Um auf die ehemalige Schmalspurtrasse zu gelangen, gibt es zwei Möglichkeiten. Entweder man läuft vom Bahnhofsvorplatz über die Gutenbergstraße bis zur Fußgängerbrücke, die die Bahnhofsgleisanlagen überquert, oder man benutzt den bahnsteigseitigen Ausgang zur Oberpesterwitzer Straße und gelangt linkerhand zur Einmündung der Entlastungsstraße für das Freitaler Stadtzentrum. Linksseitig sieht man die Anlagen der Wagenausbesserungsstelle (WAS) Freital-Potschappel.
In Höhe des Treppenaufganges zur Saubergturnhalle erreichen wir die ehemalige Bahntrasse. Im Jahre 2004 erfuhr das Gelände im Zuge des Baues der Entlastungsstraße große Umgestaltungen. So wurde die Überbrückung der Roßthaler Straße abgerissen und der Bahneinschnitt verfüllt. Beginnend an der Porzellanmanufaktur verläuft der Wanderweg auf dem Planum der einstigen Bahntrasse. Bis kurz vor Wurgwitz nutzte die 1886 eröffnete Schmalspur die Regelspurtrasse der 30 Jahre zuvor eröffneten Niederhermsdorfer Kohlenbahn mit. So entstanden damals interessante dreischienige Gleiskombinationen.
In sanfter Steigung verläuft der Wanderweg, der nach dem Regionalhistoriker und Heimatforscher Edgar Rudolph benannt wurde, neben dem Wiederitzbach. Bald erreichen wir den Bf Freital-Zauckerode (km 1,9). Das 1939 aus einem Wohnhaus umgebaute Bahnhofsgebäude steht noch heute. Auf dem Bahnhofsgelände befindet sich seit den achtziger Jahren eine Garagengemeinschaft, die der alten Gleislage folgt. Mit ein wenig Phantasie läßt sich noch erahnen, welch lebendiger Betrieb auf dem Bahnhof früher – zu Zeiten des Steinkohlenbergbaues und der hier abgehenden Oppelschachtzweigbahn – herrschte.
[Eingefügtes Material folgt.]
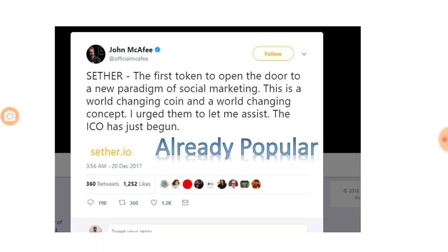This concept is already popular — John McAfee has already backed Sether. He tweeted: 'The first token to open the door to a new paradigm of social marketing. This is a world-changing coin and a world-changing concept.' He clearly is in full support of Sether, and this doesn't look like a sponsored tweet. Coming from such an eminent personality in the industry, this is what first got me interested in Sether, and when I explored further I decided to spread the message.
An der Ausfahrt des Bf Zauckerode befand sich linksseitig noch der regelspurige Gleisanschluß der Kohlenhandlung Müller. Dort steht heute ein Einfamilienhaus.
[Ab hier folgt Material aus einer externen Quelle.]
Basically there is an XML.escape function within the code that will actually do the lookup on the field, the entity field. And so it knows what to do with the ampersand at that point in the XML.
Weiter verläuft der breite Weg auf dem ehemaligen Dreischienengleis bis zu den Bombastus-Werken, einem bekannten Her-steller von Naturheilmitteln auf Salbeibasis.
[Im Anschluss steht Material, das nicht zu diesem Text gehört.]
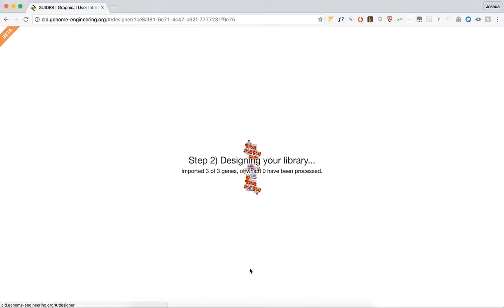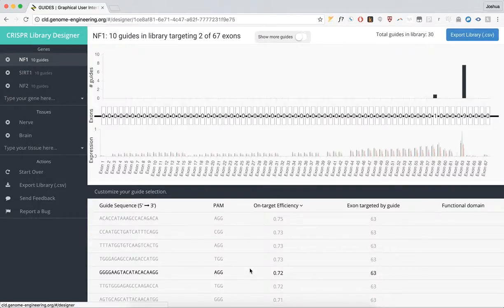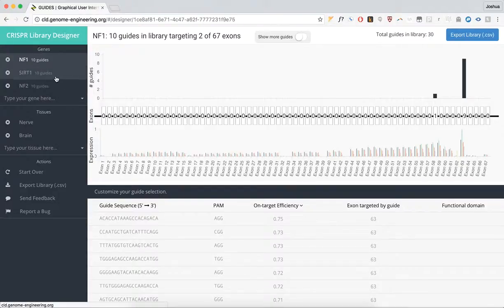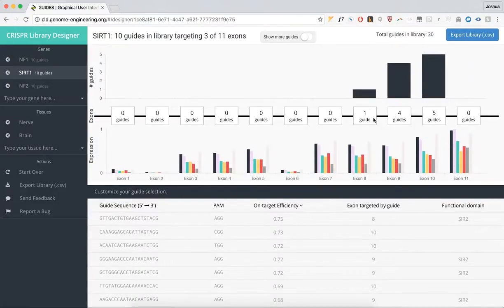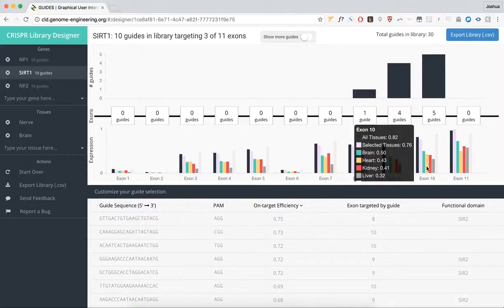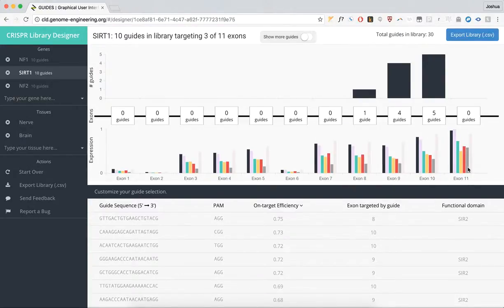Your library will be designed, and when it's done, you can fine-tune your experiments over here. You can see how many guides are targeted for each gene, along with the expression data, which is normalized to the highest expression across all exons.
Dieser Betrieb hatte selbstverständlich einen Gleisanschluß, allerdings nicht von der Schmalspurbahn, sondern von der Regelspurbahn. Die heute noch erkennbare Trasse der Regelspur kreuzte anschließend die Wilsdruffer Straße und führte bis zum Albertschacht, spätere Firma Säurich. Kurz vor dem Bf Wurgwitz (km 3,0) trennte sich die Schmalspur vom Dreischienengleis. In Wurgwitz erinnert neben dem Bahnhofsgebäude der Wagenkasten eines regelspurigen Güterwagens an die Eisenbahnzeit. Weiter verläuft unser Bahntrassenweg am Hang entlang mit Blick über die Dächer des heutigen Freitaler Stadtteils Wurgwitz. Der Schmalspurtrasse folgen wir bis kurz vor die Wurgwitzer Brücke. Diese ist vor allem durch das Unglück vom 4. November 1935 bekannt geworden, als sie unter der Last eines bergwärts fahrenden Güterzuges infolge Überlastung zusammenbrach.
Wir müssen an dieser Stelle die Trasse verlassen und die Straße nach Kesselsdorf queren. Rechterhand sehen wir einen aus Naturstein gemauerten Gewölbedurchlaß. Wir nutzen nun die Straße „Zur Wiederitz“ bis zur Erlenstraße. Hier gelangen wir bald wieder auf die Bahntrasse.
Jetzt beginnt der schönste Teil der Strecke. In stetiger Steigung schlängelt sich die Trasse hinauf nach Kesselsdorf. Gerade dieser Abschnitt der ehemaligen Bahntrasse zwischen Wurgwitz und Kesselsdorf ist von seiner Streckenführung außerordentlich beeindruckend. Die größte Steigung der Bahnlinie von 1:30 findet man hier auf einer zusammenhängenden Länge von immerhin 1620 m. Der kleinste Krümmungshalbmesser beträgt nur 80 m. Die alten Bahntrassen wieder bewußt ins Leben der Bevölkerung zu integrieren, dies ist ein besonderes Anliegen der IG Verkehrsgeschichte Wilsdruff e. V. So wurde in den Jahren 1984/85 durch die Mitglieder des Vereins in gut 750 Arbeitsstunden in unbezahlter Freizeitarbeit die gesamte Bahntrasse zwischen der Wurgwitzer Brücke und Kesselsdorf mangels einer Kettensäge größtenteils mit Handsägen, Äxten, Spitzhacke, Spaten und mit viel Idealismus von Baum- und Strauchbewuchs befreit. Auch bereits verschüttete Durchlässe wurden wieder freigelegt.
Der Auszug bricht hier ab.